La primera vez que vi esta película me llamó la atención esa última parte, cuando WALL-E y EVA llegan a la enorme nave espacial, que es como un prodigioso edén creado con los medios más sofisticados que permite la alta tecnología que ha logrado desarrollar el ser humano en su prometeico desarrollo. Sobre todo, me impactaron los detalles visuales de esos humanos fofos y comodones incapaces siquiera de tenerse en pie por sí mismos, levitando artificialmente instalados en esa especie de literas ingrávidas, perfectos entes atomizados en lo social que no miran los rostros de sus semejantes sino las pantallas que son parte integrante de su organismo cibernético, confiados y perezosos, sujetos a una invariable rutina dispuesta por una complaciente inteligencia artificial (IA) al estilo del HAL de 2001: una odisea del espacio. Seres, en definitiva, que parecen haber perdido toda conciencia de la materia que esencialmente les constituye. Irónicamente han roto con ella porque han sido incapaces de administrar la que han producido como consecuencia del modo de vida, material, que han generado, toda esa basura que ha hecho de la Tierra un entorno tóxico para la vida de homo sapiens.

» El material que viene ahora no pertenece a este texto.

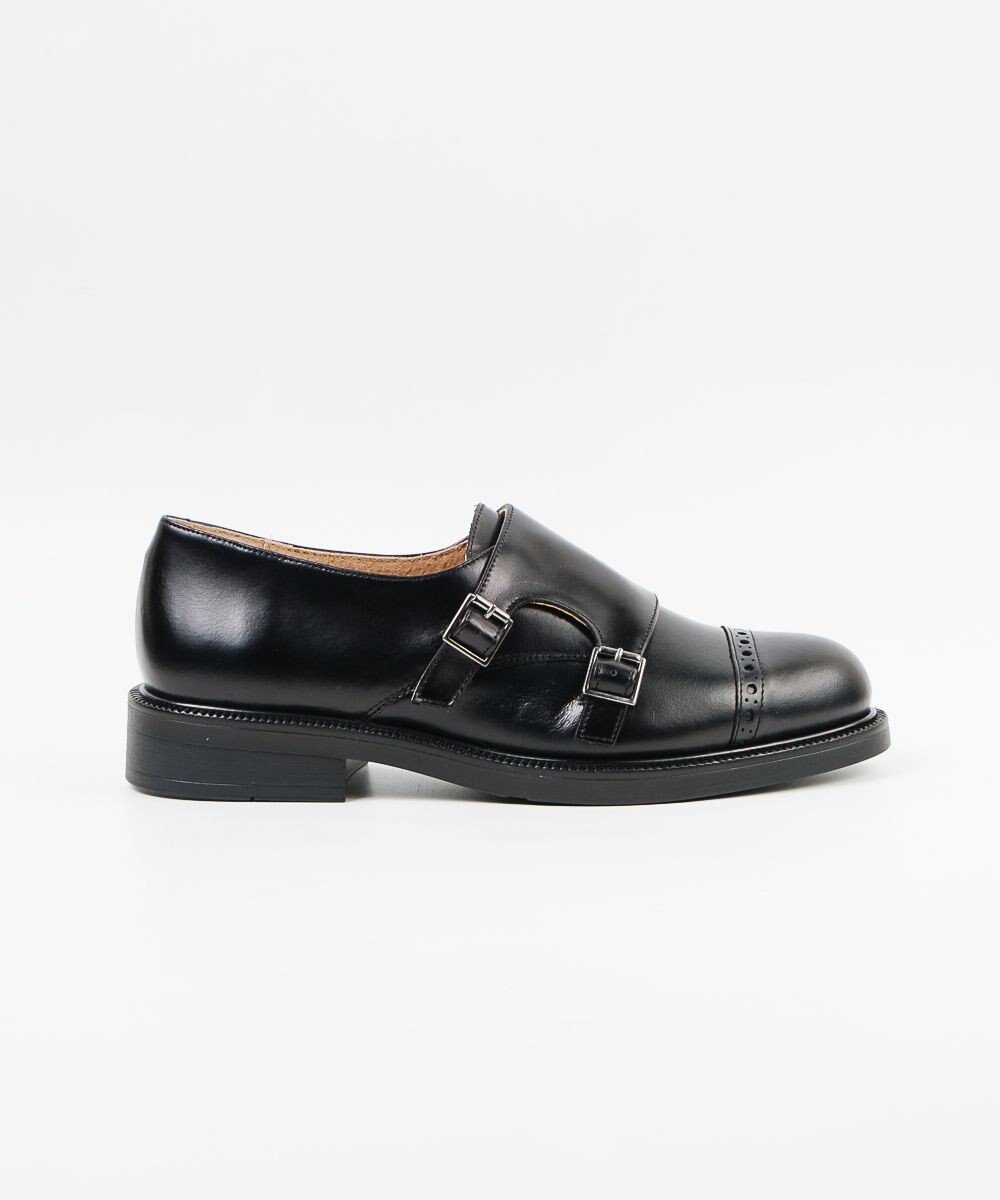 BONTRE 【BONTRE/ボントレ】ダブルモンクストラップシューズ/40503-UA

Reflexiono sobre esta ficción, que tiene rasgos distópicos muy propios del irracionalismo apocalíptico tan definitorio de este nuestro siglo, en un momento en el que se junta la convocatoria del paro internacional promovido por la estudiante sueca Greta Thumberg para actuar contra el calentamiento global y varios informes –entre ellos uno de la ONU– que nos advierten de lo que todos ya sabemos aunque lo queramos ignorar, y es que respiramos peor aire, tenemos agua más contaminada y vertemos más y más basura y materia tóxica a nuestro ambiente. Esto debiera bastar para hacer algo; por más que se quiera creer que hay razones para mantener la incertidumbre acerca del hecho del cambio climático por prudencia científica, la prudencia política exige actuar cuando hay indicios de un serio riesgo cuando menos para la salud de los ciudadanos, si no para la subsistencia de toda la especie.

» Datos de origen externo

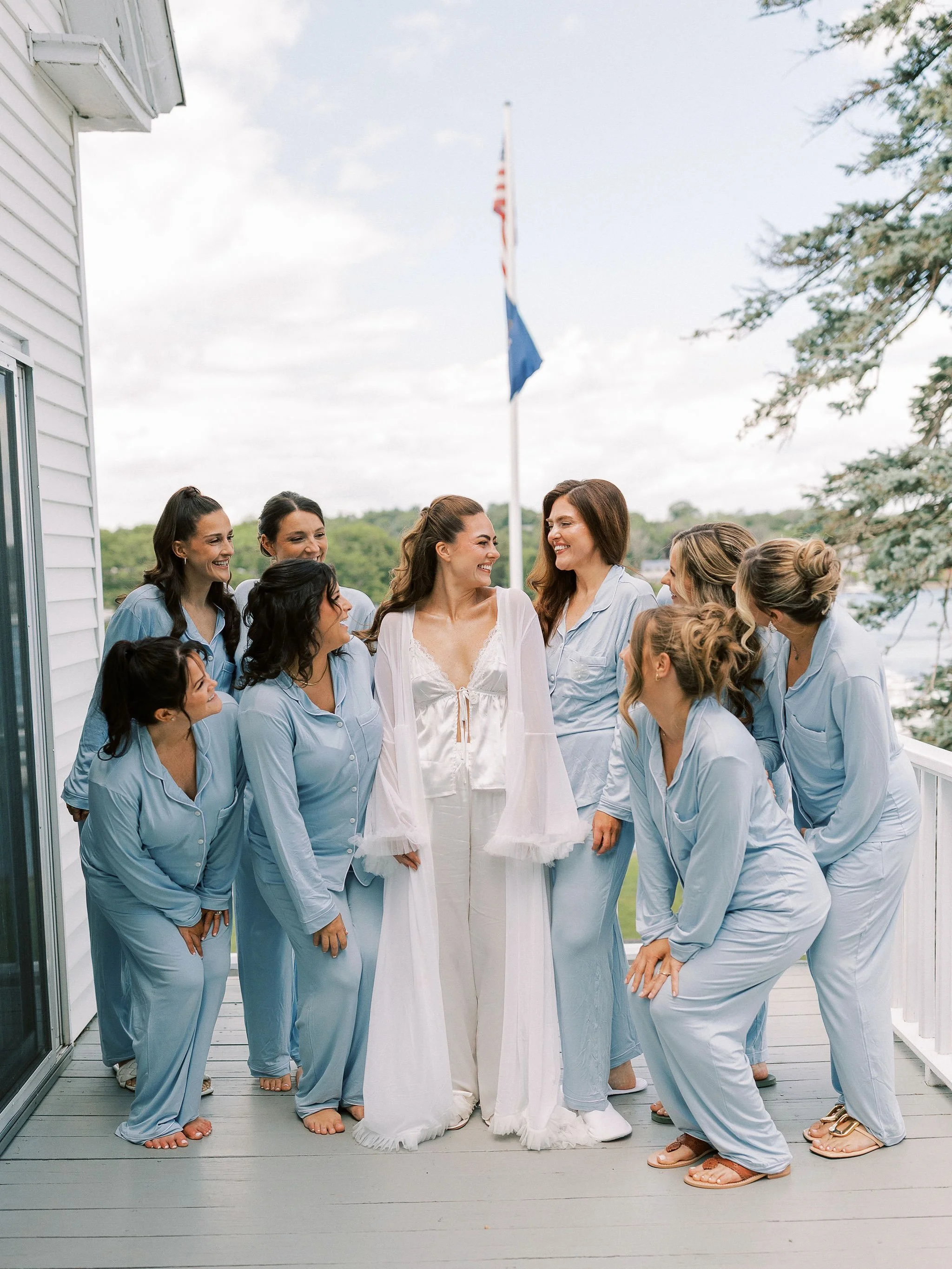 Getting ready with the girls, final touches, and all the little moments that happen before heading by down the aisle. There&rsquo;s something so special about this part of the day - relaxed, candid, and full of anticipation. 

VENDORS

Wedding Planne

Dejando a un lado las consideraciones económicas, pienso que hay una explicación filosófica en lo profundo de este asunto, decisivo para el destino de nuestra especie, que tiene que ver con un concepto metafísico o físico –según se mire– muy ancestral. Me refiero a la noción de materia.

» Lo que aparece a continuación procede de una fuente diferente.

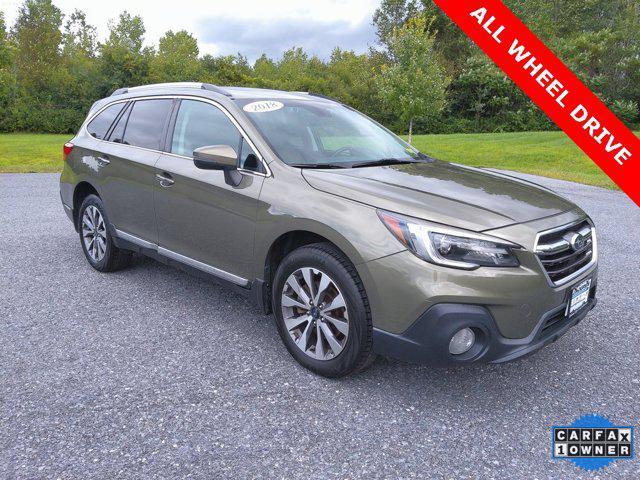 used 2018 Subaru Outback car, priced at $14,997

Es el pensamiento de Aristóteles, hace prácticamente dos mil cuatrocientos años, el que define el concepto de materia para ser ya parte integrante del universo conceptual de la filosofía que, con el devenir de los siglos, pondrá las bases de la ciencia moderna. Pero, al margen de su mayor o menor utilidad desde el punto de vista de la comprensión científica de la realidad física, hay razones para reconocer en dicho concepto un a modo de pecado original, una carencia, una indefinición, que sólo la forma puede reparar. La metafísica medieval, plagada de excrecencias teológicas, hizo de la materia el seno originario de toda falta, de toda mácula y, por ende, del pecado. Todo lo material, en tanto que tal, es mutable y corruptible. Este enfoque impregna retrospectivamente aquellas filosofías de la antigüedad de ontología materialista, como el atomismo y el epicureísmo, de una valoración moral necesariamente negativa. Seguramente en la génesis de este pecado original ínsito en la idea de materia cabe señalar la responsabilidad primigenia –como en tantos otros aportes filosóficos– de Platón. Es la pista sobre la que nos colocó de manera conspicua Nietzsche: la materia sin forma es todo lo más un piélago del devenir en el que nada permanece y, así, no cabe identificar esencia alguna. El planteamiento platónico, al mismo tiempo, no discierne lo ontológico de lo axiológico, siendo así que, con la sobrevenida mutación histórica del cristianismo, la materia es el útero de lo defectuoso cuando no se la identifica directamente con el no ser y el mal según las perspectivas gnóstica y maniquea. La realidad de la materia estará en duda e incluso será negada hasta bien entrada la modernidad, momento en el que, merced a la revolución científica, le será reconocido estatuto ontológico como «materia natural» con el fin de explicar la composición y movimiento de los cuerpos. Se rescata el atomismo de la antigüedad como paradigma ontológico de la física clásica que requerirá una sofisticada revisión con la revolución científica que supuso la contemporánea mecánica cuántica.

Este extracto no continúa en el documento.